Le major sud-africain jeta un regard plein de commisération à Malko et laissa tomber :
— Cela ne vous suffit pas ? Vous trouvez qu’on n’a pas perdu assez de gens et d’argent ? De toute façon, Pretoria ne débloquera plus un seul rand pour cette opération.
— Attendez-moi une seconde, demanda Malko.
Il se leva et sortit du restaurant. Carol posa sur lui un regard ravi en le voyant pénétrer dans son bureau.
— Quelle bonne surprise !
— J’ai besoin de ton aide, dit Malko. As-tu une idée de l’endroit où ces photos ont été prises ?
Il posa les deux documents devant elle. La jeune femme les examina, sourcils froncés.
— Tiens, c’est Marcello avec Wanda.
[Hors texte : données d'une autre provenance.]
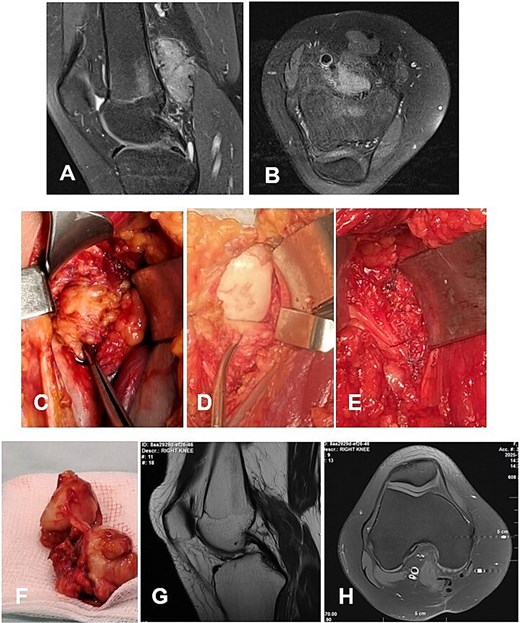 Case 4. (A and B) Preoperative Sag and Ax MRI TSE PD FS—a lobulated intra-articular neoplasm with a posterior mediocentral localization, displacing the neurovascular bundle laterally. (C and F) Macroscopic appearance of the N-TGCT measuring 3 × 1 × 2 cm, in situ and after excision. (C) Posterior synovectomy performed with lateral retraction of the m. gastrocnemius medialis. (D) The joint after synovectomy, showing grade I chondral changes according to the Outerbridge classification. (E) Reconstructed fibrous capsule. (E and F) Postoperative 12-month sagittal and axial MRI (TSE PD FS) demonstrates no evidence of recurrence of the resected neoplasm. (G and H) PD FS, proton density weighting with fat suppression; TSE, turbo spin echo.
Ce doit être le lodge sur le Limpopo, ils y allaient souvent. D’ailleurs, la seconde, je connais : c’est un baobab de neuf cents ans qui se trouve dans le coin là-bas. Tu veux m’emmener ?
— Pas tout de suite, dit Malko.
Carol eut un sourire indulgent.
— De toute façon, ce serait impossible : le lodge est fermé parce que le manager s’est disputé avec son personnel. Il n’y a plus que quelques Noirs.
Malko rentra ses photos et s’éclipsa. Carl van Haag l’accueillit nerveusement.
— Où étiez-vous passé ?
— Vérifier quelque chose, dit Malko. Voilà ce que je pense. L’opération où nous avons été attirés servait de diversion. Je viens de penser à une possibilité : le lodge où se rendaient fréquemment Marcello Dente et Wanda est fermé. Il se trouve juste à la frontière du Botswana et de l’Afrique du Sud, au bord du Limpopo. L’endroit idéal pour un trafic. Wanda le connaît. C’est peut-être là qu’elle s’est enfuie. Il suffit de louer un avion et d’aller voir.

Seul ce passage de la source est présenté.